49. The Great Cat Massacre by Robert Darnton
peculiar and interesting bits of 18th century French cultural history
Robert Darnton, The Great Cat Massacre and Other Episodes in French Cultural History. London: Little, Brown. 2009. First published 1984.
I'm more familiar with Darnton's work on book culture in pre-Revolutionary 18th century France and on censorship both then and more generally. The Great Cat Massacre is a peculiar and peculiarly interesting attempt to engage with the history of ideas and the history of mentalités as found in the French Annales school of historiography. (The Annales school has had a strong influence on history-writing, particularly social and economic history, though its influence was more direct a generation ago.) Darnton is at once sympathetic to and in argument with the history of mentalités, and an argument about how to do cultural history frames his interrogation of 18th-century French culture through a snapshot series of texts or collections of texts.
The first of these and the most shocking is the cat massacre of the title, an account from a former journeyman printer of how hilarious it was to round up and slaughter all the local cats, most especially the cat belonging to his master's wife: a joke worthy of re-enactment, producing much laughter. This alien violence in fact reveals a great deal about the world of the journeymen and apprentices: a world in which the mistress's cat is treated far better than they are.
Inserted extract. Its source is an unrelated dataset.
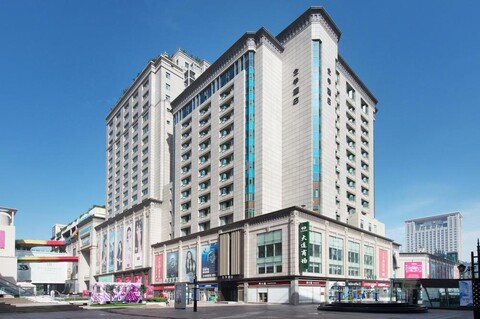 JI 호텔 다롄 칭니와 커머셜 스트리트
Other episodes include a discussion of an early version of Red Riding Hood in which the girl is eaten by the wolf, comparing it with certain other fairy-tales; a guide to Montpellier by a member of its merchant class; letters from a merchant in La Rochelle ordering books from Neufchatel; a dossier from someone in the Paris police recording writers and assessing them for how dangerous they are to society; and a discussion of the Encyclopédie, the great and controversial project of many luminaries of the 18th-century French literary scene.
While the texts that Darnton considers are very different from each other, that's part of the point. Both topics and writers are diverse in their concerns, but Darnton has chosen them to provide a vivid, albeit at times disturbing, window into some of the cultural concerns and mores of France in the 18th century. That said, one has to bring a lot of one's own energy and ability to Darnton's work if one wants to find common concerns shared among most of these texts.
It's a very readable and interesting introduction to 18th century French cultural history, even if I prefer Darnton's later work for being a bit more intensively argued.